[Problem statement]
Tell me how many lines in the entries below contain the word "Mens"; reply with the number and nothing else.

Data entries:
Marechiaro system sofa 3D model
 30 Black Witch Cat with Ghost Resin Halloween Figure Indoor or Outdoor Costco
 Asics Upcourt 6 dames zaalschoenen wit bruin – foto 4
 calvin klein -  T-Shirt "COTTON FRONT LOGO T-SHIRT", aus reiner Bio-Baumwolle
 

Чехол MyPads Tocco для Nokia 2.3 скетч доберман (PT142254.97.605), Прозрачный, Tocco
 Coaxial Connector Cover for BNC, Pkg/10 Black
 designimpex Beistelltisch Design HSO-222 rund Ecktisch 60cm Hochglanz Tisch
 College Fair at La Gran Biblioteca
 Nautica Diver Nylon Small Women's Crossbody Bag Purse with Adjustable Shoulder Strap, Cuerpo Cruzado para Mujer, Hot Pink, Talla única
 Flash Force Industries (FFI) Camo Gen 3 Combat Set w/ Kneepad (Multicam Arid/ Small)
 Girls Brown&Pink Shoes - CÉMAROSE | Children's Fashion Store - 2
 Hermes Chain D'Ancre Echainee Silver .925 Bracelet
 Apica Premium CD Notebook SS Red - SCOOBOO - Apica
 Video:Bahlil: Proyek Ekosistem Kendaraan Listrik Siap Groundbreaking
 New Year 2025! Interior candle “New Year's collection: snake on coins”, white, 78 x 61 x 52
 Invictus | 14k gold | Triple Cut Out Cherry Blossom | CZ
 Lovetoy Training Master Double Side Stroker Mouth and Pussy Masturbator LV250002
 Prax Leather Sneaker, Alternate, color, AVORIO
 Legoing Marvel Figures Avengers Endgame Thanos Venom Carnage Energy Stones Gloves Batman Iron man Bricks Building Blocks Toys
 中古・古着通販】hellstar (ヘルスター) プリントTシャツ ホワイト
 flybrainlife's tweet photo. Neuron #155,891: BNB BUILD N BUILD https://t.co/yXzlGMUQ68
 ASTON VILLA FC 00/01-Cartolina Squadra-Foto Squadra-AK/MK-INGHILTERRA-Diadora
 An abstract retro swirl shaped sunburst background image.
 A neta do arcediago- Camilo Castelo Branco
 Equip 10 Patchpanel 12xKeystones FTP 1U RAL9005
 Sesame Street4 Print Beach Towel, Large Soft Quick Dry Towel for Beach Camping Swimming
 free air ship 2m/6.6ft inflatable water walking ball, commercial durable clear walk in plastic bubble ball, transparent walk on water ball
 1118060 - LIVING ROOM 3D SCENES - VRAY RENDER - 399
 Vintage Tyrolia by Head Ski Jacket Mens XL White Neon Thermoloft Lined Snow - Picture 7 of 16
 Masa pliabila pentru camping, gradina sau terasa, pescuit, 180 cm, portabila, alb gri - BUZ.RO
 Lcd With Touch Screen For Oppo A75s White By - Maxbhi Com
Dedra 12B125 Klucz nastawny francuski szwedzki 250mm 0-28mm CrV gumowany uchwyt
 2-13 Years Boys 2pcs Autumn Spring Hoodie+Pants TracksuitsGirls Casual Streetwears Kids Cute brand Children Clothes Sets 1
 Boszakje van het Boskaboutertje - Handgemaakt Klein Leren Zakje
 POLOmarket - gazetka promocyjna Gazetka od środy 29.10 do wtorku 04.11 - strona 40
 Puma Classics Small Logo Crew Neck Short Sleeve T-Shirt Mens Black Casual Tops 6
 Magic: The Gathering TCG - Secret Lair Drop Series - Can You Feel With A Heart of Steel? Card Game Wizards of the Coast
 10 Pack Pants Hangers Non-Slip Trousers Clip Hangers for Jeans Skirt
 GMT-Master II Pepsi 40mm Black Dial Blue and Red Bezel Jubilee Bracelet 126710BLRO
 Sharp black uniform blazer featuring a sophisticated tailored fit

[Solution for this exercise]
2